During the late 1800s, researchers seeking materials suitable for making film, carriage windshields, and various small items such as combs produced early plastics out of natural substances and chemicals. In making these plastics, the scientists exploited the natural tendency towards polymerization, in which two or more small molecules, or monomers, combine to form chains that are often very long. The resulting molecular chains, or polymers, comprise repeating structural units from the original molecules. One of the most familiar natural polymers is cellulose, the string of glucose molecules that forms a primary component of plant cell walls, cotton, paper, and rayon. Polystyrene is among the best-known synthetic polymers (others include polyethylene, polypropylene, and polyester). Styrene, the liquid hydrocarbon from which EPF is made, was derived in the late nineteenth century from storax balsam, which comes from a tree in Asia Minor called the Oriental sweet gum. In the early nineteenth century, completely synthetic plastics were developed from hydrocarbons, whose structure is conducive to easy polymerization. Polystyrene, the polymer from which EPF is made, was invented in 1938.

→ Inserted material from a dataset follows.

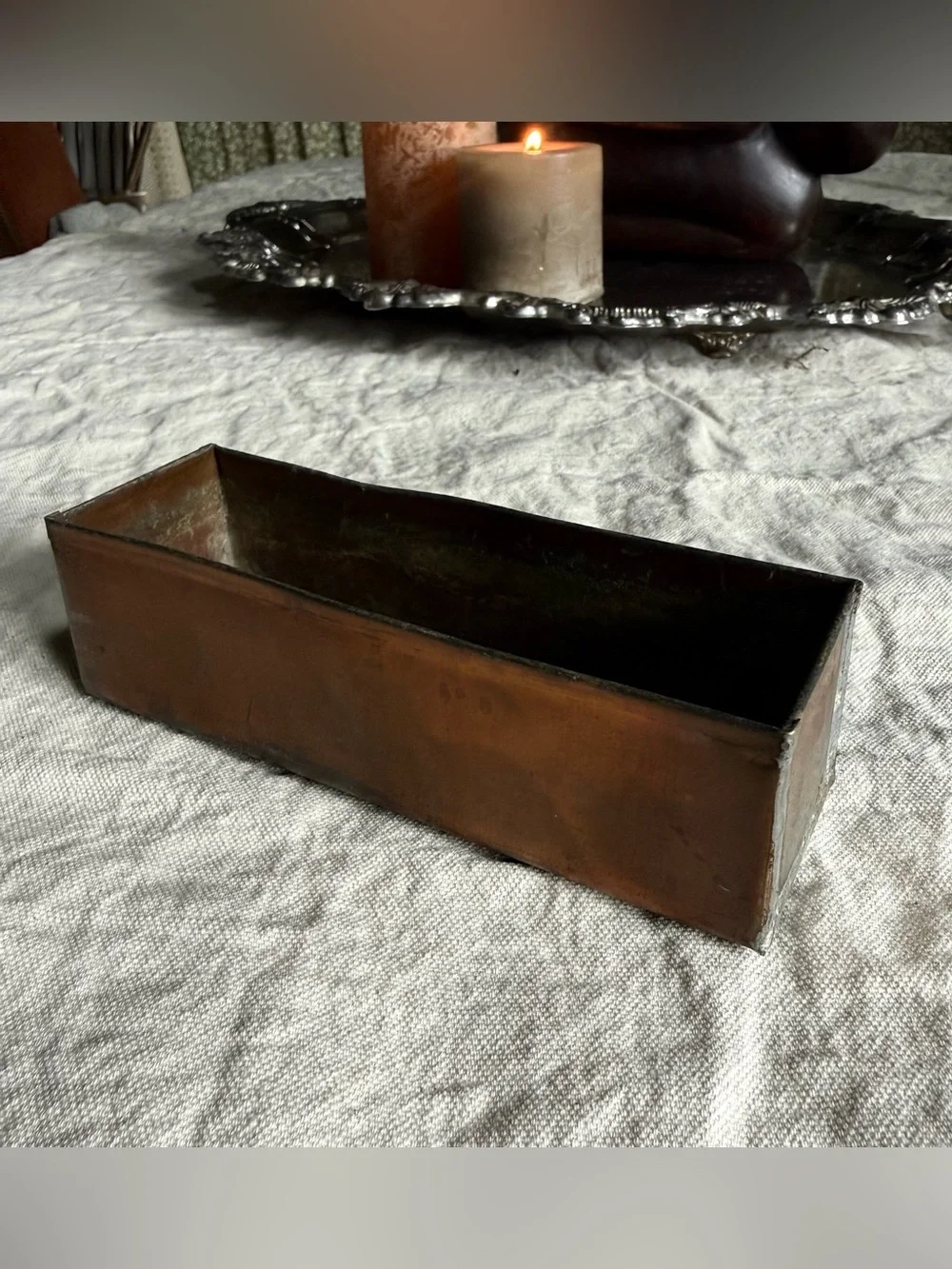 Vintage Copper Rectangular Succulent Planter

Foaming plastics were discovered indirectly, because in the beginning no one could see their advantages. Dr. Leo H. Baekeland, the American chemist who developed the first completely synthetic plastic, bakelite, experimented with phenol (an acidic compound) and formaldehyde (a colorless gas) while trying to make a nonporous resin. When one of his mixtures unexpectedly began to foam, Baekeland tried to control the foam before realizing that it could have advantages. Following Baekeland's death in 1944, the first foamed phenolics were developed, soon followed by epoxy foam. A short time later, polystyrene was foamed. At first it was used mainly in insulation and flotation devices for boats, life preservers, and buoys. It was not until EPF replaced paper, kapok (made from the silky fibers that encase ceiba tree seeds), and other natural packaging protection that the substance became as popular as it is today. Its familiarity was furthered by the enormous growth of the fast food and takeout industries, which began to use EPF in burger boxes and coffee cups. Today EPF is easily the most recognized plastic.
However, despite EPF's popularity and unique features, it has recently come under attack because of the gaseous methane derivatives—chlorofluorocarbons (CFCs)—used to foam it. CFCs are inert, and harmless to humans and the environment upon their release. However, long after their first use, scientists realized that CFCs contribute to the depletion of the ozone layer as they decompose. The ozone layer is a layer of the atmosphere that protects the earth against harmful ultraviolet rays from the sun. In 1988 representatives from 31 nations signed the Montreal Protocol, a treaty with which they resolved to halve CFC production by 1998. This agreement brought EPF to the world's consciousness as a threat to the ozone layer. While foam packaging is responsible for less than three percent of the CFCs being released into the atmosphere, EPF reduction has been targeted as a way to lower CFC levels, and new technology that explores ways to produce EPF without CFCs has flourished. EPF has also been singled out by environmentalists because it is not being recycled. Action has been taken, however, and programs are under way to see that a greater percentage of EPF will be recycled in upcoming years.